* **WHAT TO WORK ON**: Every line of the material below is to be printed again exactly.

* **DATASET EXCERPT**:
*** Begin section ***

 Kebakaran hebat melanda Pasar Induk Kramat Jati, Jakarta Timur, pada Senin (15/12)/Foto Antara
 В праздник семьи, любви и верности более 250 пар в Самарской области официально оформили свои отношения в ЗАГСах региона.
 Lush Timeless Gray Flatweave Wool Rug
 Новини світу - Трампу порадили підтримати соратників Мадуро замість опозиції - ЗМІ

*** End section ***

* **REPLY TO THE EXERCISE**:
 Kebakaran hebat melanda Pasar Induk Kramat Jati, Jakarta Timur, pada Senin (15/12)/Foto Antara
 В праздник семьи, любви и верности более 250 пар в Самарской области официально оформили свои отношения в ЗАГСах региона.
 Lush Timeless Gray Flatweave Wool Rug
 Новини світу - Трампу порадили підтримати соратників Мадуро замість опозиції - ЗМІ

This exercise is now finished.